To complete the chronology of events, the respondent herein, challenged the order dated 19.4.1993 by filing Claim Petition No.1393 of 1993 before the State Public Services Tribunal, Lucknow, in which he alleged lack of opportunity of hearing, non-supply of vital documents, denial of opportunity to cross-examine the witnesses and breach of Civil Services (Classification, Control & Appeal) Rules. He further submitted that the impugned punishment amounted to a major punishment which warranted full-fledged enquiry, whereas what was held was a summary enquiry and consequently, the said order dated 19.4.1993 was arbitrary, illegal and bad in law.

The said claim petition was contested by the appellants herein stating, that, the delinquent had committed serious financial irregularities in performance of his duties; that the copies of all relevant documents in support of the charges were supplied; that inspection of the documents was also given; and that the said order dated 19.4.1993 was passed after giving full opportunity of hearing to the respondent herein. That, looking to the gravity of charges, appropriate punishment of reduction to the lowest stage in the time scale was awarded both justifiably and in accordance with the provisions of Civil Services (Conduct & Disciplinary) Rules.

By judgment and order dated 28.2.1998, the Tribunal, held, that, the punishment of reduction to the lowest stage of the pay scale was a major punishment; that the charge-sheeted employee was not supplied with the necessary documents despite repeated demands; that out of 48 charges, no details of the documents in support of 39 charges were ever given; that mere permission to inspect the documents was not sufficient compliance of law, particularly when 48 charges were levelled;

that the respondent herein was prevented from cross-examining the witnesses; that he was not allowed to produce defence evidence; that no reasons have been given by the disciplinary authority for not accepting the punishment proposed by the Enquiry Officer and consequently, the Tribunal quashed the said order dated 19.4.1993, with liberty to the appellants to hold the departmental enquiry, afresh, if so advised, keeping in mind the factum of respondent's retirement in 1994. By the impugned judgment, the Tribunal gave liberty to the appellants to hold the departmental enquiry by observing that charges levelled against the respondent were of serious nature.

Since there is the controversy regarding text of the operative part of the judgment of the Tribunal, we quote herein below the said part, in extenso:


The petitioner's petition is allowed in the manner that the punishment order dated 19.4.1993, contained in Annexure No.15 and the appellate order dated 27.4.1994 annexed with the amendment application are quashed as illegal and it is directed that the petitioner should be allowed the consequential service benefits in accordance with law.

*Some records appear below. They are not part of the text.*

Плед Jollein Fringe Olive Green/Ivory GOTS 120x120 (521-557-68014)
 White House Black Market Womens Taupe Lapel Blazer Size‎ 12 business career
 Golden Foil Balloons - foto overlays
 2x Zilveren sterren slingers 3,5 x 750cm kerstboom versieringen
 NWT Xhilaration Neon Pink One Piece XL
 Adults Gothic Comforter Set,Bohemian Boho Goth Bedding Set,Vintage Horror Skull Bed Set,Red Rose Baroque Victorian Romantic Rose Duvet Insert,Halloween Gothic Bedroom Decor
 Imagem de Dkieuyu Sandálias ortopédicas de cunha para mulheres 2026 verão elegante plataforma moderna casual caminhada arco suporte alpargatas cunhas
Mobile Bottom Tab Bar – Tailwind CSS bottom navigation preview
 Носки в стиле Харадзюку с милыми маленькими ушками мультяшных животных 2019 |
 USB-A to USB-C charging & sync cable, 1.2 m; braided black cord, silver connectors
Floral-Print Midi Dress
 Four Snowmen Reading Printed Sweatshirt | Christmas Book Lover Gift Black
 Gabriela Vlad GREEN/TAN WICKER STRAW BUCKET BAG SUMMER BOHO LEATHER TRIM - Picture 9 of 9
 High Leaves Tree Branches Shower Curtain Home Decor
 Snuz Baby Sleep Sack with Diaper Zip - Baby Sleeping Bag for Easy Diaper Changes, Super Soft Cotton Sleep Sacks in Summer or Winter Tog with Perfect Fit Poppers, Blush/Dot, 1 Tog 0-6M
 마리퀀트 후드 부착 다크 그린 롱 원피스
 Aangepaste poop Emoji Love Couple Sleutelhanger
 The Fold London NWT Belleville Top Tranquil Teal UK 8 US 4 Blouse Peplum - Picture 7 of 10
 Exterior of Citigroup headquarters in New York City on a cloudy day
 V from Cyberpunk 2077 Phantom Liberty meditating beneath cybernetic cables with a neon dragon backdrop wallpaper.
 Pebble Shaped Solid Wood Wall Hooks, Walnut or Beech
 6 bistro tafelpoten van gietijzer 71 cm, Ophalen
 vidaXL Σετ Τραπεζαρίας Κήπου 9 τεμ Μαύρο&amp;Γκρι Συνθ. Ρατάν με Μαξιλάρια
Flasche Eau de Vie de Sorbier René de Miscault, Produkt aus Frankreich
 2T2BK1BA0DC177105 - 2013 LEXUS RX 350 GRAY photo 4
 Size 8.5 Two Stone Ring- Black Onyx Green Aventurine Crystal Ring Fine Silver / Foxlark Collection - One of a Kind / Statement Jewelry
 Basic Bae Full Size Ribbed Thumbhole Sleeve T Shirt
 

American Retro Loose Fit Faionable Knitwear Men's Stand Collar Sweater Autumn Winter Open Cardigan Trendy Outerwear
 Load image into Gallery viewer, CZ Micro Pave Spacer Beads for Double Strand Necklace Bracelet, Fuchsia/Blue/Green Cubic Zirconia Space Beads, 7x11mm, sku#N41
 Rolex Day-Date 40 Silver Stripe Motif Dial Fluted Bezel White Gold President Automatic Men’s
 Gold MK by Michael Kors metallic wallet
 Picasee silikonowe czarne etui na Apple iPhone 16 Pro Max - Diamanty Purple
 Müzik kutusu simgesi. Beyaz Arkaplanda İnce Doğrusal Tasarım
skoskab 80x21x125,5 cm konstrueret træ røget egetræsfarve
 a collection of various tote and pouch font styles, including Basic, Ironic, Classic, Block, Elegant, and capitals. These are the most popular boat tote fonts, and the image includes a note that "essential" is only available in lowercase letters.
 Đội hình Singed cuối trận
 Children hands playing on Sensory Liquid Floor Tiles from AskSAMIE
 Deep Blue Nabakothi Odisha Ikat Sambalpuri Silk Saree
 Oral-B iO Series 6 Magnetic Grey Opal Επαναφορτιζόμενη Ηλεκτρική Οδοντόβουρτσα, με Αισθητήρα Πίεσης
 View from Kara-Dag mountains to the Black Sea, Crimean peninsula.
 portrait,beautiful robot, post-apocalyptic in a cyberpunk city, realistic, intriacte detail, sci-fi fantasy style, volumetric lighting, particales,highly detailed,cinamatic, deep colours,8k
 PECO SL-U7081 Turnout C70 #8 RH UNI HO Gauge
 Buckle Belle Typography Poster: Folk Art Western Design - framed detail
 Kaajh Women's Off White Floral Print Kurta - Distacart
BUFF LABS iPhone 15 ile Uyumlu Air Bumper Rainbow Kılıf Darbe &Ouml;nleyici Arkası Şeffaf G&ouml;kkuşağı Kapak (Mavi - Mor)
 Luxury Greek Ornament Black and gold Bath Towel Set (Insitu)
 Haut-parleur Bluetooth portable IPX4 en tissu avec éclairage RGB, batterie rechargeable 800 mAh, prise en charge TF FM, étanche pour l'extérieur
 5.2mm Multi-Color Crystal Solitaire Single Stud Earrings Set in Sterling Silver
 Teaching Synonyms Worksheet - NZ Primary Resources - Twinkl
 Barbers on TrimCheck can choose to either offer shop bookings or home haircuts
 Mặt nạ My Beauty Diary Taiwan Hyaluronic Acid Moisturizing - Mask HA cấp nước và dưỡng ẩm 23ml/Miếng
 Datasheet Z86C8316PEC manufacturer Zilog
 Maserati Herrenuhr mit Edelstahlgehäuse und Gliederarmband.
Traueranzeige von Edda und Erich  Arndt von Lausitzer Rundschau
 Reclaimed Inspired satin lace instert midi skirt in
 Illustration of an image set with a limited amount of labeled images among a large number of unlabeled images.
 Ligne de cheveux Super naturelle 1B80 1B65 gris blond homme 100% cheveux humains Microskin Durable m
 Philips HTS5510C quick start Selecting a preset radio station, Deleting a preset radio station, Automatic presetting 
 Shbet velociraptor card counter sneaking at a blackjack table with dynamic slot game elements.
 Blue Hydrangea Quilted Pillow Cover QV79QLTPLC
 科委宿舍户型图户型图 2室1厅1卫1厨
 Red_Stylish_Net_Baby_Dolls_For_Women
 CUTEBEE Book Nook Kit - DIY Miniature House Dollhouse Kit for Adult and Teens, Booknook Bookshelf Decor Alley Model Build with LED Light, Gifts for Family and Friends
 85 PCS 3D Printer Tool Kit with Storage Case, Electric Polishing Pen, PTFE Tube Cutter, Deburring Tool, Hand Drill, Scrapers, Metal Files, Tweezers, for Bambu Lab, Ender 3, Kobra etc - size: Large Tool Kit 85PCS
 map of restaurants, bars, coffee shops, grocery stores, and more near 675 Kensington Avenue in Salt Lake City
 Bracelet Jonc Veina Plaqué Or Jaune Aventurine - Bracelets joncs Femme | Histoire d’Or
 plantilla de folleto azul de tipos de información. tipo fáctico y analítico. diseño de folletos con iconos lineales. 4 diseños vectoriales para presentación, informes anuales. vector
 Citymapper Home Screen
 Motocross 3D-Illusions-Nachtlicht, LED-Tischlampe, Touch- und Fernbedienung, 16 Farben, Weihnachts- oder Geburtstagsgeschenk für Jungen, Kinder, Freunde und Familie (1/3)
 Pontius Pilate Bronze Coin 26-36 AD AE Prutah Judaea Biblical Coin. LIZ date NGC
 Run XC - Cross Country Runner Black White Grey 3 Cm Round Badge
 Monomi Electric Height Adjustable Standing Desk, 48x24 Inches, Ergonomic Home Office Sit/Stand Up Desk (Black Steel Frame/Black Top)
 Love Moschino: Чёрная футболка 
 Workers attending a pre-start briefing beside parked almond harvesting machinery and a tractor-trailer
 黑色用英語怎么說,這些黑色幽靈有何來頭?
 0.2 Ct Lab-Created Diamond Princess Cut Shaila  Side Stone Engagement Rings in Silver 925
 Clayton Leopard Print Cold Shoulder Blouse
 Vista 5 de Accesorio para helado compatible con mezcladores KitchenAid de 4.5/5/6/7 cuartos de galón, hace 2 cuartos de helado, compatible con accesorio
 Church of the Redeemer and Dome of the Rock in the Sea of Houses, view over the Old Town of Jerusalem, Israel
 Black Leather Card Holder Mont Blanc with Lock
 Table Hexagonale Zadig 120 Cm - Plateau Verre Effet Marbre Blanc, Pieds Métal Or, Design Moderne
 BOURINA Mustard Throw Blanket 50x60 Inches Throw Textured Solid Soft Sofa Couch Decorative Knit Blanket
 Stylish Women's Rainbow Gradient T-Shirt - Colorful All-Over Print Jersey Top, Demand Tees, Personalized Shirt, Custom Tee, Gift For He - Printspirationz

Petitioner's prayer for the payment of salary etc. for the suspension period is not allowed since the matter relating to it is a subjudiced before the Hon'ble High Court. It is further directed that the opposite parties shall be at liberty to hold departmental enquiry against the petitioner afresh as observed above. The departmental enquiry should be initiated within four months from the date of communication of the order and it should then be completed within another four months and the service benefits given to the petitioner shall be subject to the final result of the enquiry. In case no enquiry is held within the stipulated period, the petitioner shall be entitled to get the consequential service benefits accordingly as per rules." As stated above, being aggrieved by the decision of the Tribunal dated 28.2.1998, the appellants herein, moved the High Court vide CMWP No.9951 of 2002 whereas the respondent herein moved the High Court by way of CMWP No.41586 of 1999 claiming arrears of salary (including difference of pay for suspension period) and allowances as the enquiry was not completed within the stipulated period as ordered by the Tribunal vide its decision dated 28.2.1998.

By the impugned judgments dated 30.01.2003, the writ petition filed by the appellants being CMWP No.9951 of 2002 stood dismissed whereas CMWP No.41586 of 1999 filed by the respondent herein was allowed with a direction to pay the arrears of salary, allowances and all consequential benefits with interest @ 10% per annum. Accordingly, the appellants applied to this Court under Article 136 and have obtained special leave to appeal against the impugned judgments.

The contention urged before us by the appellants is that the High Court had erred in directing the appellants to pay the difference in salary for the period of suspension with all benefits with 10% interest without deciding upon the rights of the appellants to continue the departmental proceedings instituted prior to the respondent's retirement under regulation 351-A of U.P. Civil Service Regulations (relating to pension).

It was urged on behalf of the appellants that they had right to continue the departmental proceedings for which leave was granted by the Tribunal, without Governor's sanction to enable them to deduct or withhold the pension in entirety or in part under the said regulation.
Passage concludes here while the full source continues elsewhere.